Recommendation: I vote NO on this, because (1) I do not like compound names (Stotz and others have expanded on this, and my sense of the birding public is that they do not like them either), (2) I do not think that names need to be diagnostic for a species (i.e., separate it from all other species, which is often impossible without absurd awkwardness; Stiles and others have expounded on this), and because Bob did not indicate what compound name would have to be concocted for centrally located tibialis of Central America, and the symmetrical" candidates are clearly silly (e.g., "Central Yellow-Grosbeak" or "Middle Yellow-Grosbeak").
[As an aside, there was no published rationale for AOU (1983) to alter traditional species limits in this group, and without that change, this problem would not exist. If anyone wants to do a proposal to return to a broad "Yellow Grosbeak," please do so (although I don't know of any evidence that can be brought to bear on the question one way or another).]
DICKINSON, E. C. (ed.). 2003. The Howard and Moore complete checklist of the birds of the World, Revised and enlarged 3rd Edition. Christopher Helm, London, 1040 pp.

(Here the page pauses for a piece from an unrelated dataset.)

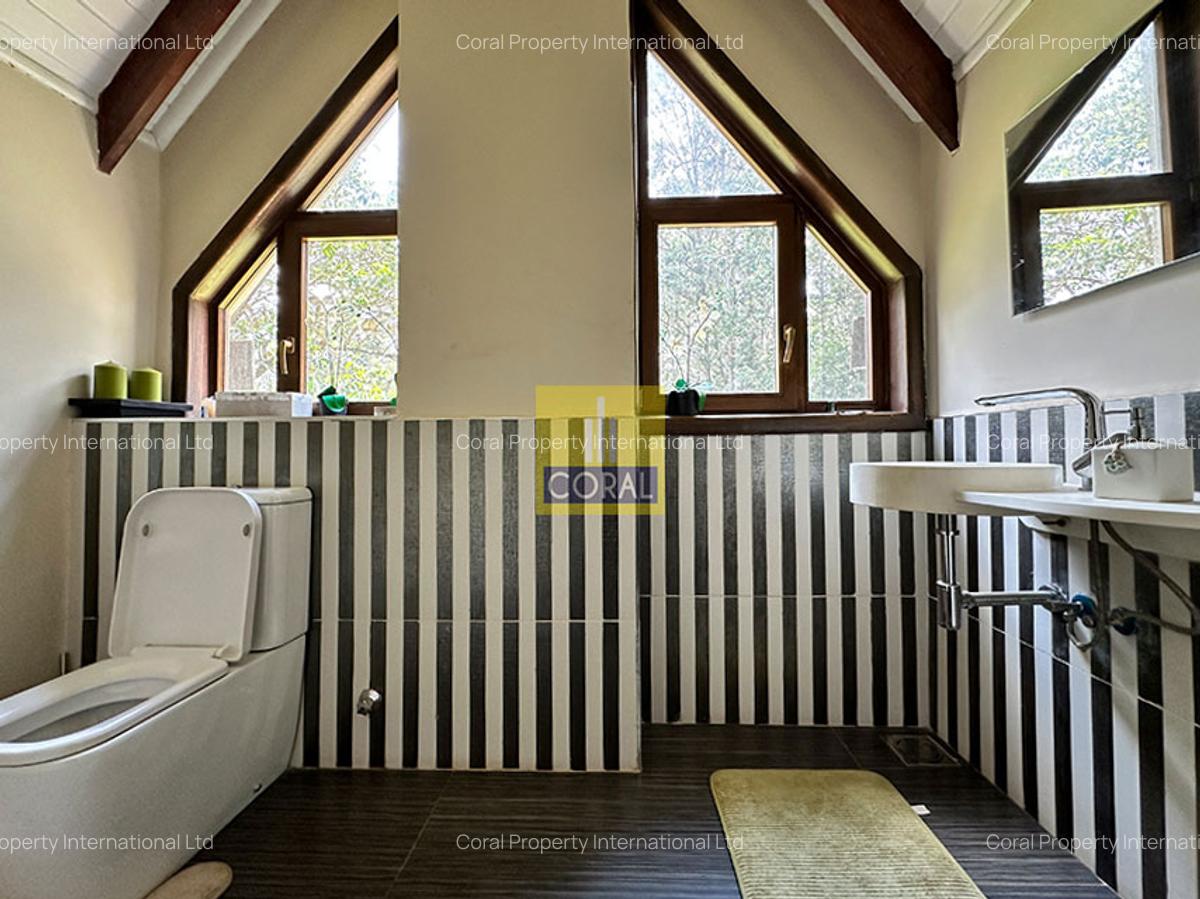 5 Bed Villa with En Suite in Lower Kabete - 15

HELLMAYR, C. E. 1938. Catalogue of birds of the Americas. Field Mus. Nat. Hist. Publ., Zool. Ser., vol. 13., pt. 11.
HILTY, S. L. 2003. Birds of Venezuela. Princeton University Press, Princeton, New Jersey.
HILTY, S. L., AND W. L. BROWN. 1986. A guide to the birds of Colombia. Princeton University Press, Princeton, New Jersey.
MEYER DE SCHAUENSEE, R. 1966. The species of birds of South America and their distribution. Livingston Publishing Co., Narberth, Pennsylvania.
MEYER DE SCHAUENSEE, R. 1970. A guide to the birds of South America. Livingston Publishing Co., Wynnewood, Pennsylvania.
MEYER DE SCHAUENSEE, R., AND W. H. PHELPS. 1978. A guide to the birds of Venezuela. Princeton.
RIDGELY , R. S., AND P. J. GREENFIELD. 2001. The birds of Ecuador. Vol. II. Field guide. Cornell University Press, Ithaca, New York.
RIDGELY, R. S., AND G. TUDOR. 1989. The birds of South America, vol. 1. Univ. Texas Press, Austin.
SIBLEY, C. G., AND B. L. MONROE, JR. 1990. Distribution and taxonomy of birds of the World. Yale University Press, New Haven, Connecticut.
Van Remsen, October 2003
Comments from Jaramillo: "NO -- I truly dislike Southern Yellow-Grosbeak, it is a compound name and really doesn't tell you a heck of a lot about the bird. Golden-bellied, with all its flaws would appear to be the better choice here and preserves historical precedence. "
Comments from Zimmer: "I vote "NO". There is no compelling reason to change (e.g. the name is not inaccurate), the proposed alternative is awkward, and, it would create asymmetry with respect to Black-thighed Grosbeak of Central America."
Comments from Stiles: "NO.. again, the previous name is not inaccurate, just not exclusive. I might add that I find the effete and mannered practice of hyphenating group names to avoid having a three-part name rather absurd. Why is a three-part name, like Southern Yellow Grosbeak, so horrendous? It´s no longer, it is equally good about calling attention to the fact that there are other Yellow Grosbeaks without making the pitch that Yellow-Grosbeak is a taxonomically recognizable group (it is in this case, and does include the "yellowest" grosbeaks, but how about Slaty-Antshrike for a group that does not include the "slatiest" antshrikes?) End of sermon."
Comments from Nores: "NO. Yo considero que el nombre es apropiado a pesar que hay otros congéneres amarillos. Lo mismo cabe que para la pregunta # 66."